Problem to work on
Take the line that contains "Елочные базары в" and every line below it to the end of the entries, and give them again exactly, leaving out any pictures.

Dataset content
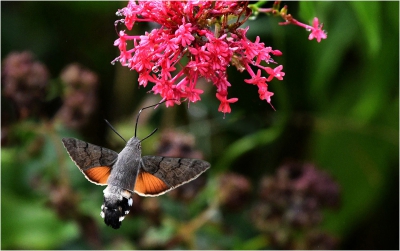 Hawkmoth in Flight.jpg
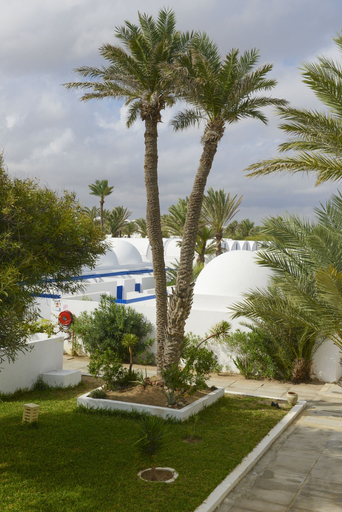 Exterior & Views 2, Monarque Dar Jerba Narjess - Family Only, Djerba Midoun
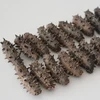 /product-detail/hot-selling-competitive-price-fresh-frozen-seafood-wild-dried-sea-cucumber-62000494577.html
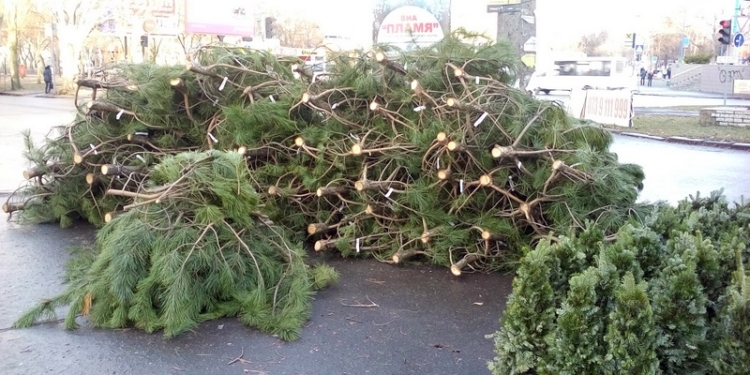 Елочные базары в Николаеве: кроме цены на сосны, неизвестно, ни откуда «дровишки», ни законны ли эти базары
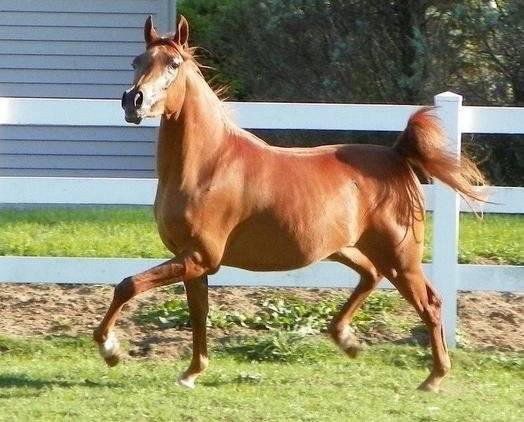 Sandstorm - (5 ans)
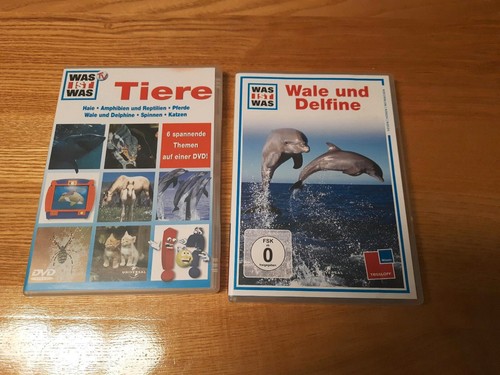 Was ist dvd - ist, /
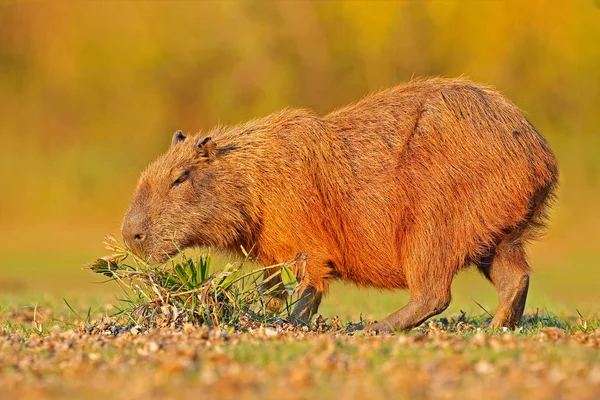 Kapybara Hydrochoerus Hydrochaeris Största Mus Solnedgången Pantanal Brasilien Wildlife Scen — Stockfoto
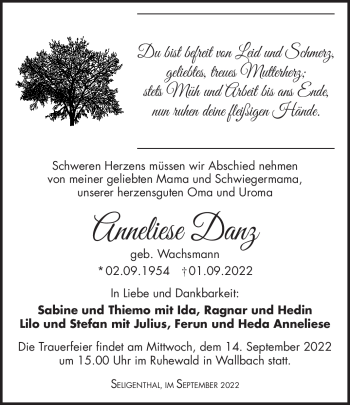Traueranzeige von Anneliese Danz von Südthüringer Presse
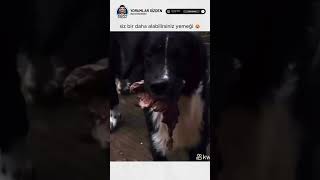 abla mutsuz köpek mutlu 😂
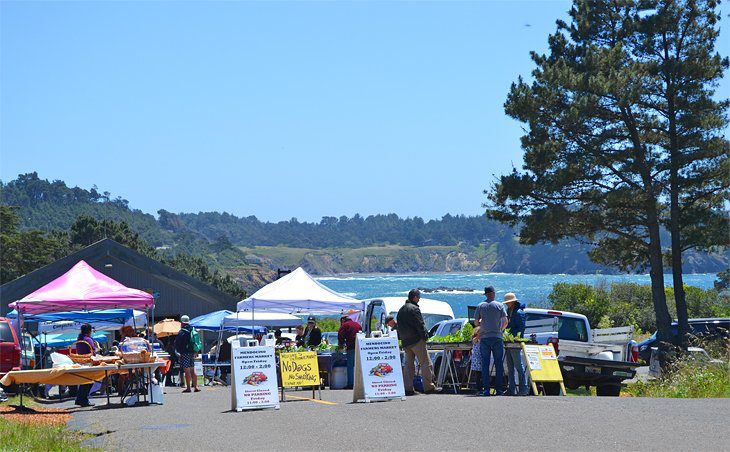 14 Best Things to Do in Mendocino, CA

Answer box
 Елочные базары в Николаеве: кроме цены на сосны, неизвестно, ни откуда «дровишки», ни законны ли эти базары
 Sandstorm - (5 ans)
 Was ist dvd - ist, /
 Kapybara Hydrochoerus Hydrochaeris Största Mus Solnedgången Pantanal Brasilien Wildlife Scen — Stockfoto
Traueranzeige von Anneliese Danz von Südthüringer Presse
 abla mutsuz köpek mutlu 😂
 14 Best Things to Do in Mendocino, CA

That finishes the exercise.